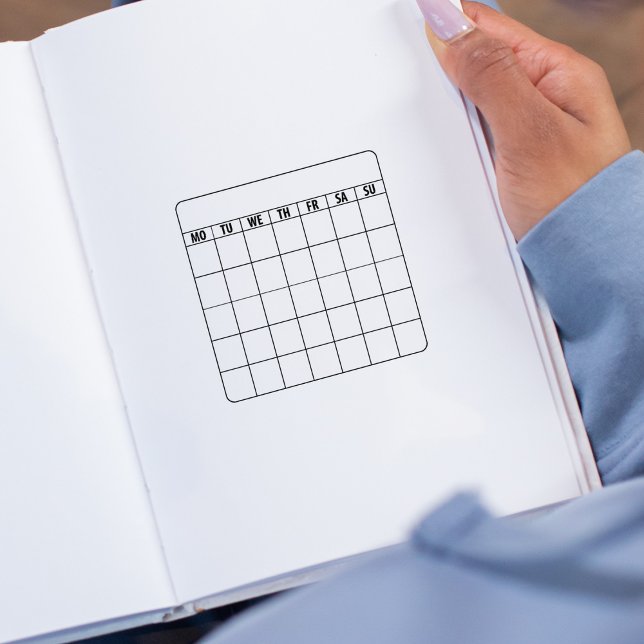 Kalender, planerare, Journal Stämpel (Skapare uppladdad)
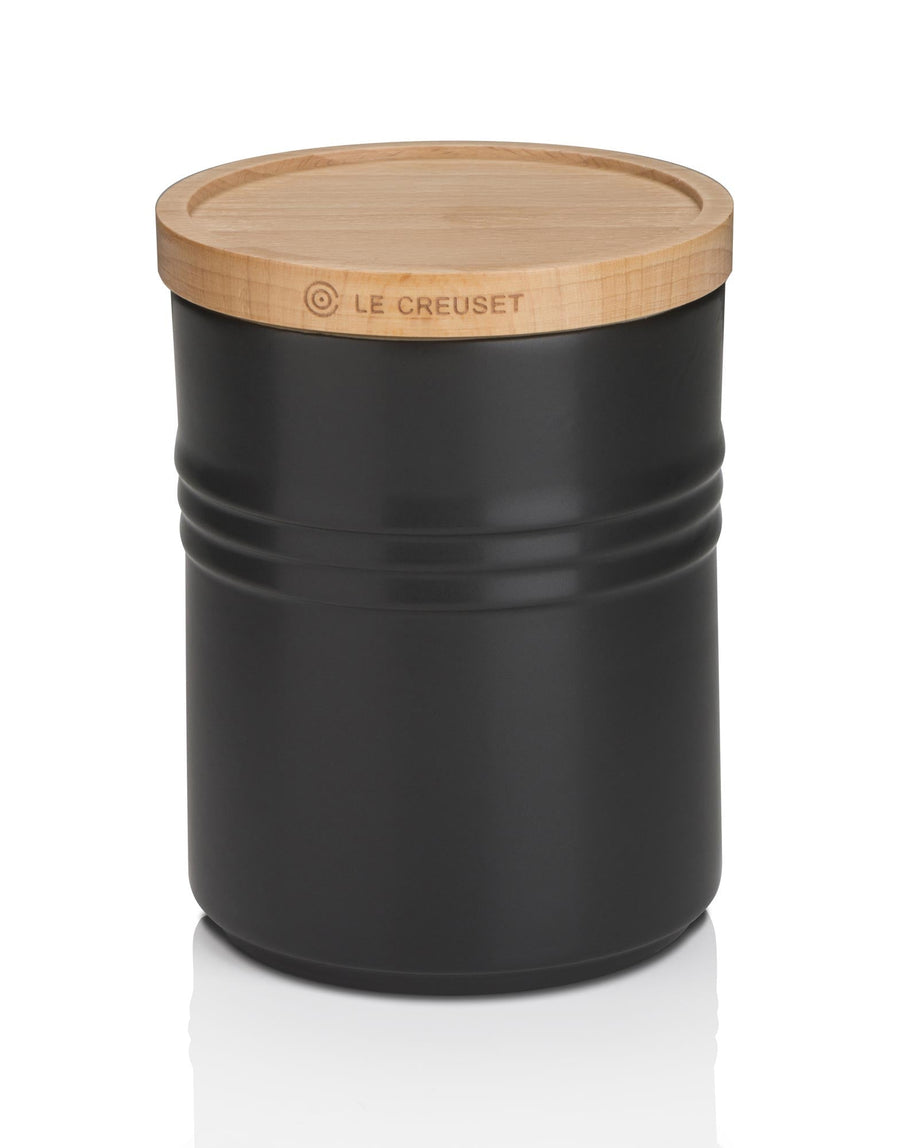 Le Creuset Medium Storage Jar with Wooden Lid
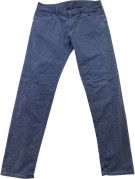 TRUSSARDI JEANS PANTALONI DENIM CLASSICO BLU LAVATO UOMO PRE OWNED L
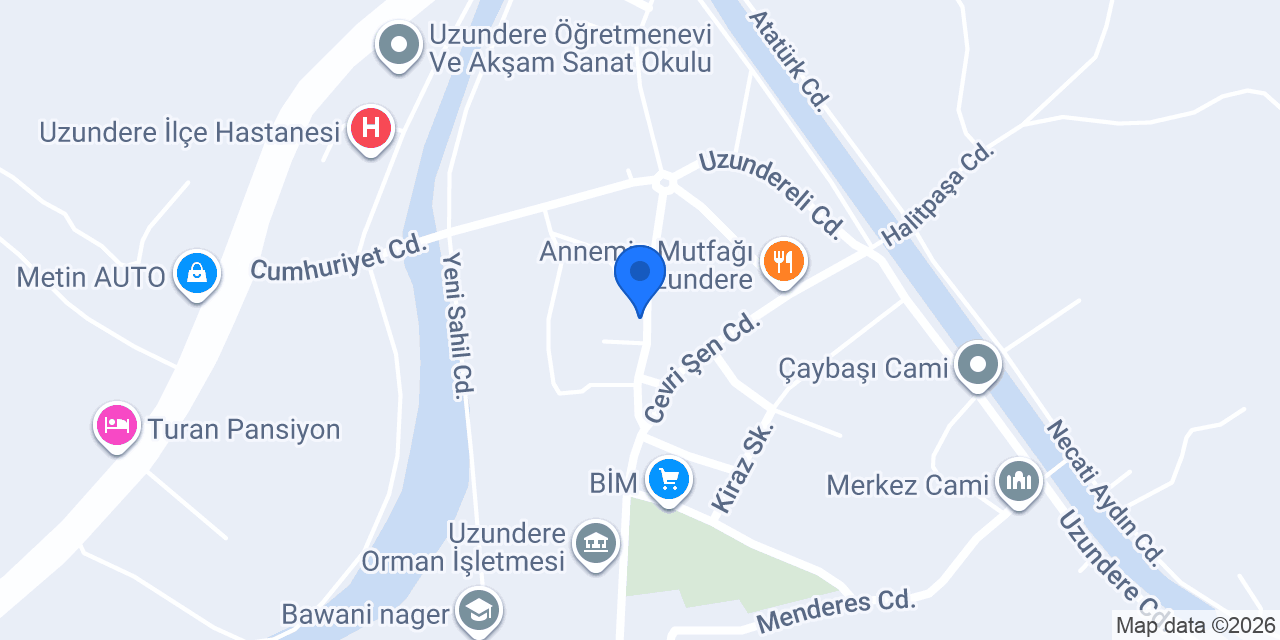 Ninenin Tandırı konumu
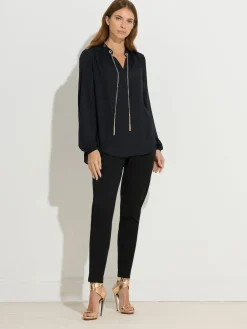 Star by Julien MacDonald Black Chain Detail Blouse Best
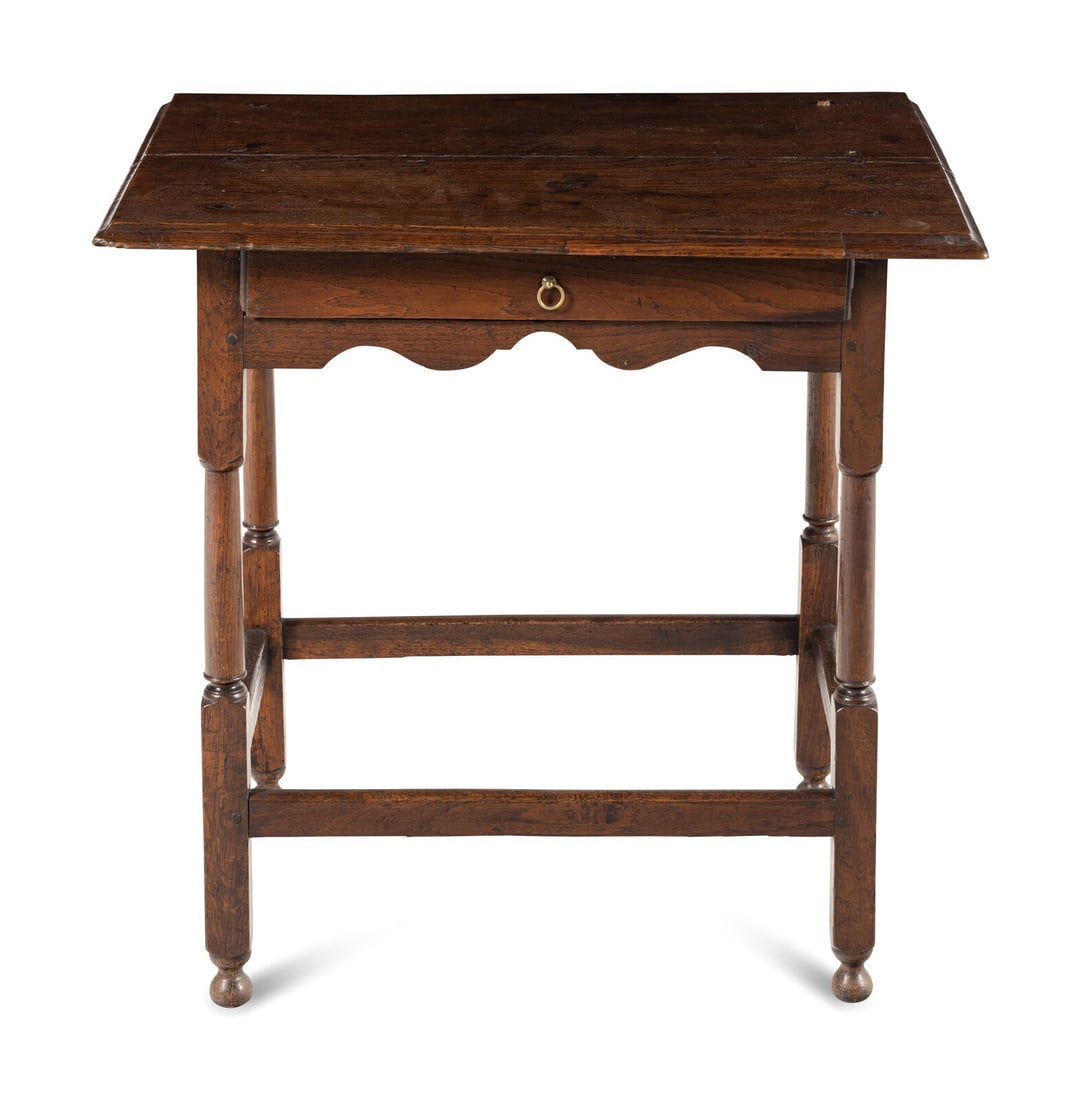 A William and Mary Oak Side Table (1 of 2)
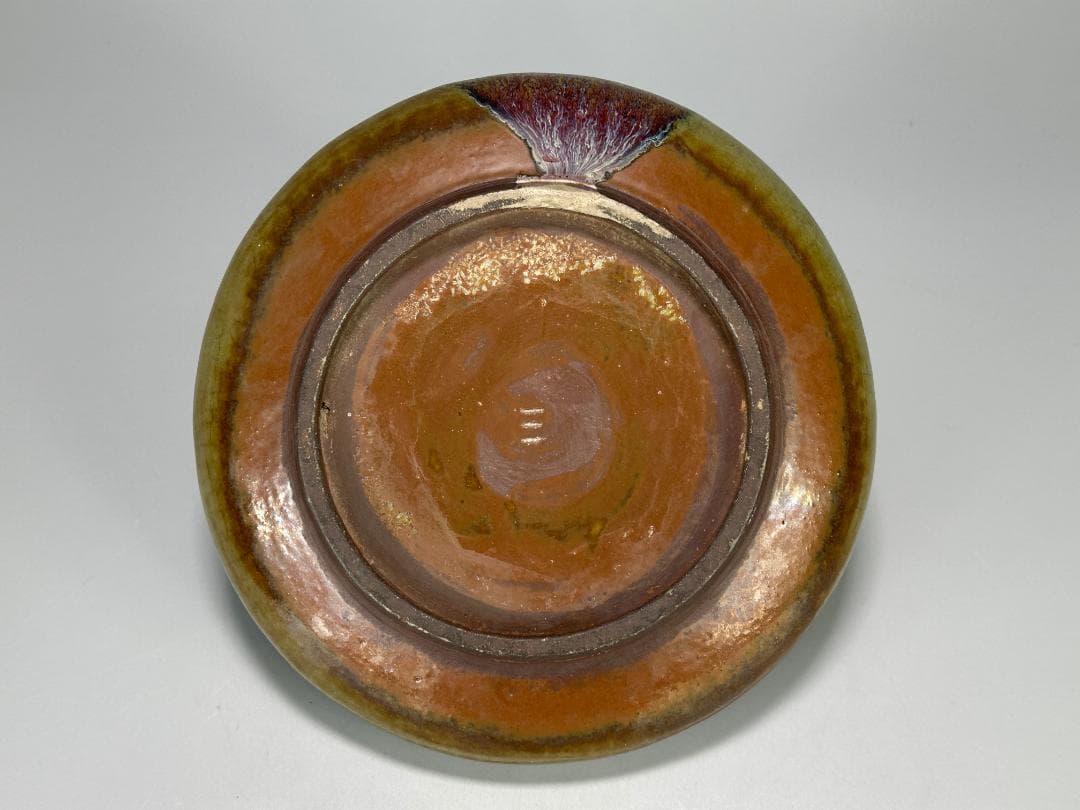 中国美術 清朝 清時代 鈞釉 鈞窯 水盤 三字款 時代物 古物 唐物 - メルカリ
================================
(Exercise brief):
In the data above, find the line containing "TRUSSARDI JEANS PANTALONI"; from there, please write out each line through the end, exactly, with the pictures omitted.

(Answer to this problem):
 TRUSSARDI JEANS PANTALONI DENIM CLASSICO BLU LAVATO UOMO PRE OWNED L
 Ninenin Tandırı konumu
 Star by Julien MacDonald Black Chain Detail Blouse Best
 A William and Mary Oak Side Table (1 of 2)
 中国美術 清朝 清時代 鈞釉 鈞窯 水盤 三字款 時代物 古物 唐物 - メルカリ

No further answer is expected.